**What you have to do**: Below are the records; copy every line in them that holds the string "define".

_ _ _

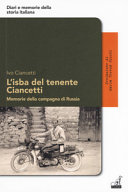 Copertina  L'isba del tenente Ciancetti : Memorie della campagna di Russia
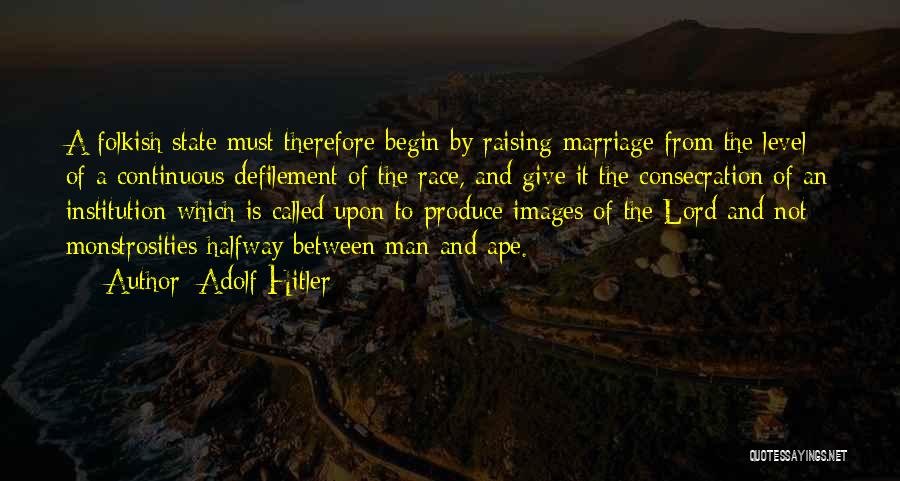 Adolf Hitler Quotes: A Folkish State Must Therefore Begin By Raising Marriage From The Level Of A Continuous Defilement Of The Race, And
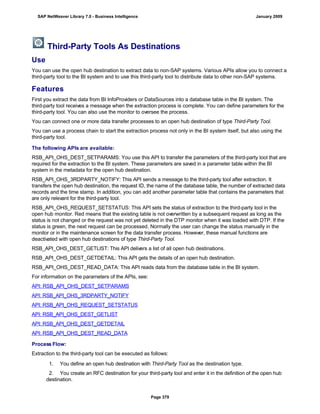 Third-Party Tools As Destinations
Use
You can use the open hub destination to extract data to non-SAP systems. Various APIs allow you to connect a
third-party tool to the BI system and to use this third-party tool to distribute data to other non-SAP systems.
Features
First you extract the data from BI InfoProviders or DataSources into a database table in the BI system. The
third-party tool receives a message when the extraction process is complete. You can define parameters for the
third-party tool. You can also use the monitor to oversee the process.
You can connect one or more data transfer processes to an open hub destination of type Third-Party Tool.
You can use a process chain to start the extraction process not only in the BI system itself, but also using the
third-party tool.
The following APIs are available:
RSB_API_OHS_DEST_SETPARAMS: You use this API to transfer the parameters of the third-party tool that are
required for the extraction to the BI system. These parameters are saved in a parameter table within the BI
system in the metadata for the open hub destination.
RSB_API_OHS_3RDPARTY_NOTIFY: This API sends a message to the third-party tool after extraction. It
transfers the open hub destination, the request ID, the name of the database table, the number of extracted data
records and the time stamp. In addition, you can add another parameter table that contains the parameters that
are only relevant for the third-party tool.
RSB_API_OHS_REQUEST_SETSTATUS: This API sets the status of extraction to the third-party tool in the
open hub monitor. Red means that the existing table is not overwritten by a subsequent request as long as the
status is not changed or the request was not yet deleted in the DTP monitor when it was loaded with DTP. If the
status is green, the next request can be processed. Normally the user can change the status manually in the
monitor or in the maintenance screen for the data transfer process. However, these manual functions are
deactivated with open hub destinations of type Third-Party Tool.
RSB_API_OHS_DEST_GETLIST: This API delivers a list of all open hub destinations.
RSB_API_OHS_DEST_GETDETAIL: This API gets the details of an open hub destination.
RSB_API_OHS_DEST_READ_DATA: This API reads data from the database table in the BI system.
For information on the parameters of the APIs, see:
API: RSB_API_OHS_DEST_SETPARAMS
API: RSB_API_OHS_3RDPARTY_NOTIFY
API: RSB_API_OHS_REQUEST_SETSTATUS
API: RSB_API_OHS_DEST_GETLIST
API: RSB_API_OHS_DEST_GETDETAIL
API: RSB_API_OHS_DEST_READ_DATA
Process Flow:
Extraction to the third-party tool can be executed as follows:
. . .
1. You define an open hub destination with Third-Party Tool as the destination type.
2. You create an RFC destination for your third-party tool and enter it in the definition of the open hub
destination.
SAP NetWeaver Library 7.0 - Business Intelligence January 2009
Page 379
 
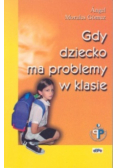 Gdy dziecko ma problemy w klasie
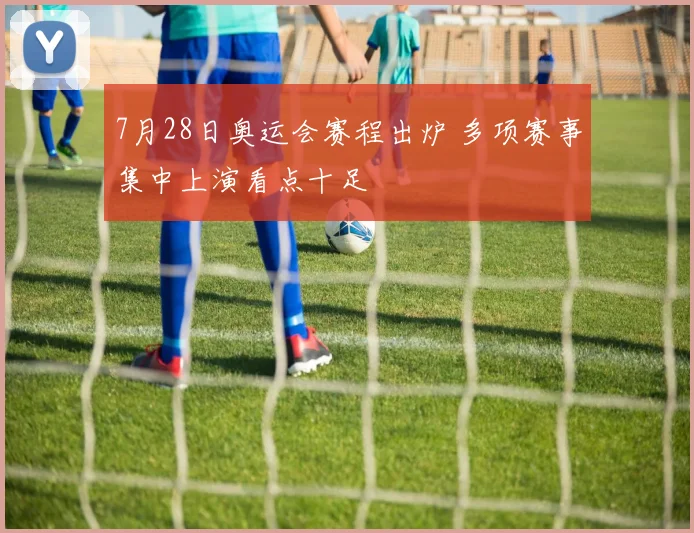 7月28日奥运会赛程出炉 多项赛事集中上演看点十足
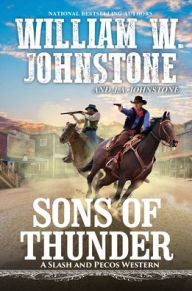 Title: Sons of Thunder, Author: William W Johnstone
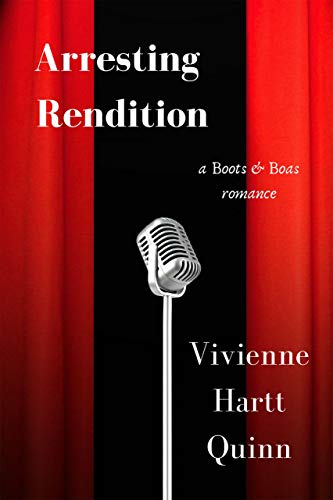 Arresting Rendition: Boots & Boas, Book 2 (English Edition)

_ _ _

**Solution to the problem**:
third-party tool receives a message when the extraction process is complete. You can define parameters for the
1. You define an open hub destination with Third-Party Tool as the destination type.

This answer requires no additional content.